March 19, Year of Our Lord 1308
It seems, my brother, that I will not see you again in this life. I am lying now in a sealed cell in the Hospitalier’s enclosure of Cairo, and I am dying the Black Death. Plague is raging through this city. The city magistrate has closed the port and the city gates until the disease runs its course among the gente, and I am afraid that I find myself one of their number now, stricken as I am, and far from you who are the only one in the world who could save me.
It is sad to die this way, far from the house of my father and the lands I loved best. We knew that I might die here in The Holy Land when we joined the Order, Josef, but we thought it would be at the hands of the Infidel--not gasping out my life on a flea-infested cot in a hospital. But it appears that many things have not gone as we hoped, and that the darkest visions you saw have come to pass.
Here among the Hospitaliers, I have learned the worst has come: that our brethren are everywhere destroyed, and condemned as heretics, our coffers emptied, our Faith denied, our covenant with Mother Church broken, and that mighty Hugh himself was burned at the stake in Paris while Philip the Fair--how ironic that name seems now--and his pet Pope looked on, laughing. By God I say it is worth while to die now, when the whole world is ready to be swallowed by perdition...
I would come to you if I could, Josef, for I know that you are great in the arts that could rid me of this infection, and I know that Philip’s hand is too feeble to snatch you from your safe perch in Jaca. The infirmity with which God afflicted you as a child will prove now a double blessing: for not only did he gift you with Vision, but he has now provided you with a shield which will turn aside this great Sword of Iniquity. Who will drag a man with crippled legs from his bed, or suspect a priest, whose withered hand could never wield a sword, of being a Knight of the Temple!

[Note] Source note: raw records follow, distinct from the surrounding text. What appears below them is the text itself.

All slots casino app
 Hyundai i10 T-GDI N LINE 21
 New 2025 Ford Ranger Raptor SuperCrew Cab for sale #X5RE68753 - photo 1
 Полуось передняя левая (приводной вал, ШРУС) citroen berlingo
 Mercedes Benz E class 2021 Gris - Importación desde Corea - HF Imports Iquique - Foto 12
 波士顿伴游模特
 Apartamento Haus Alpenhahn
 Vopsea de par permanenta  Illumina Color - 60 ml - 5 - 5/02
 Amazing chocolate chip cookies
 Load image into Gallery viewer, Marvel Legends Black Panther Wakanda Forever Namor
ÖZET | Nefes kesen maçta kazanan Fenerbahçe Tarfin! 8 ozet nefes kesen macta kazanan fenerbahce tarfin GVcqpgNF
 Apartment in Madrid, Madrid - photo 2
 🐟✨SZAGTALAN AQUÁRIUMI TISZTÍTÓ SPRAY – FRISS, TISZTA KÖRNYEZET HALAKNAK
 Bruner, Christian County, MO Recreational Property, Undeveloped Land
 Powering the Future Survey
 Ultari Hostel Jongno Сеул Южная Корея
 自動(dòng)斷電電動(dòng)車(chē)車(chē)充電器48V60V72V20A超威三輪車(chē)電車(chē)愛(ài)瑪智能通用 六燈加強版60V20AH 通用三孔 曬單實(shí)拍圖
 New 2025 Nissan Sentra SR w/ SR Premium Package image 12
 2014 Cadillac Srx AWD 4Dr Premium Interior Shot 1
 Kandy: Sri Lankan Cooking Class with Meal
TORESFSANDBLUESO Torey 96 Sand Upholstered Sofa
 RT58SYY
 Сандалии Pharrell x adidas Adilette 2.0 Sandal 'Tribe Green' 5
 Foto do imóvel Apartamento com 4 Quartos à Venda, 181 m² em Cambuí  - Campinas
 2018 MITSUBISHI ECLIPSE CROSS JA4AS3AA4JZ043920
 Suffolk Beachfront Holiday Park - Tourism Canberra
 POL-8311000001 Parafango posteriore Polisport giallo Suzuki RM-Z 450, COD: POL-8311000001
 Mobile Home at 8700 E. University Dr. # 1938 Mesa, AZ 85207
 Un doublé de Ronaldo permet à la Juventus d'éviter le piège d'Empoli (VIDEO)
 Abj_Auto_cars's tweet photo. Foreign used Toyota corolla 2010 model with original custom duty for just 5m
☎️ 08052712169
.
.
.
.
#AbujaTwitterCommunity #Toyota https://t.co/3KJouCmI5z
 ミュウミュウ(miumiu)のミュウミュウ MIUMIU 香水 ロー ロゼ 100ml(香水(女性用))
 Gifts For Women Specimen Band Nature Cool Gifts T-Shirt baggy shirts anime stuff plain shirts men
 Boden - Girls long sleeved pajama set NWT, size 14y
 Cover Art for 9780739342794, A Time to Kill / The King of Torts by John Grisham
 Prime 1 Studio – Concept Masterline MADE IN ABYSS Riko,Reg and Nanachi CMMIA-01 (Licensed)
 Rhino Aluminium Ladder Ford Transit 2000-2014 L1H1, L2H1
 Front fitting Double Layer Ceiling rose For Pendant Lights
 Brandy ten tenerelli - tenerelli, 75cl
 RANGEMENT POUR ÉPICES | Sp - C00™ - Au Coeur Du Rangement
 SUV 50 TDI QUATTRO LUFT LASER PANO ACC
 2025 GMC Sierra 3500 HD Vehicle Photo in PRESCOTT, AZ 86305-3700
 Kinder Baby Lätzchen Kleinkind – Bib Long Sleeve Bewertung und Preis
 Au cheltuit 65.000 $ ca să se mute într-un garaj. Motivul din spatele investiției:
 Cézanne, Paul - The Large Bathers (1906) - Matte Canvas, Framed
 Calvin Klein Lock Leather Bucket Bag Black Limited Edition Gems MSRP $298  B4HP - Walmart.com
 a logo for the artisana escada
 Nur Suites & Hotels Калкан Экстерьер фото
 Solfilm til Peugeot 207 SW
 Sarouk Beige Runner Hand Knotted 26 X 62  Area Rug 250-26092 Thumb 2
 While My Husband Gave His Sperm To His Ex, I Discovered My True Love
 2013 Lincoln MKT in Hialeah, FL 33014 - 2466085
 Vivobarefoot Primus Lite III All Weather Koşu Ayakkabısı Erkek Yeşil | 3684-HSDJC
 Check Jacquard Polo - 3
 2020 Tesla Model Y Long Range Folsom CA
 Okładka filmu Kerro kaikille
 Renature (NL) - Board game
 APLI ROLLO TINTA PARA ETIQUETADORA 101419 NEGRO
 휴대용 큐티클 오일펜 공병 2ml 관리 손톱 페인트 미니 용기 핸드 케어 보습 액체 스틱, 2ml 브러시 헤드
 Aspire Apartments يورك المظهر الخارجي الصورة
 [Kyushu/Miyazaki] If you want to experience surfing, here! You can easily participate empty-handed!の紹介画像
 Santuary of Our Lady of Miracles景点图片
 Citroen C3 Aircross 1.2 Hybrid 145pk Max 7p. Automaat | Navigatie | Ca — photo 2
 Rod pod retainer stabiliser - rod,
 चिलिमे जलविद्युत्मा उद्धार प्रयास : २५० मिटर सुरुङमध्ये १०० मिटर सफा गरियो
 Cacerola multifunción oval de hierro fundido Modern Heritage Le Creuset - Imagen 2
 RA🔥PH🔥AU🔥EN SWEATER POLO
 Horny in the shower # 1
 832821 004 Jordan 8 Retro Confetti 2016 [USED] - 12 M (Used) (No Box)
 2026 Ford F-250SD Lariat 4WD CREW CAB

Laugh at them for me, Josef, laugh and live long, because I will not.
But to the matter of this book, and how I came by it, I will come in a second letter--a letter which is for your eyes alone, and not even for the good Brothers who will deliver this to you. Pray, do not open the book, by any art, until you have read the story of how I got it! And if you care at all for the people of Jaca, do not keep the book anywhere above ground. If you do, they will suffer the same fate as these guiltless people of Cairo, whose women and children I have murdered in my ignorance--never realizing I carried with me the seeds of their destruction.
Goodbye, Josef. May God protect you.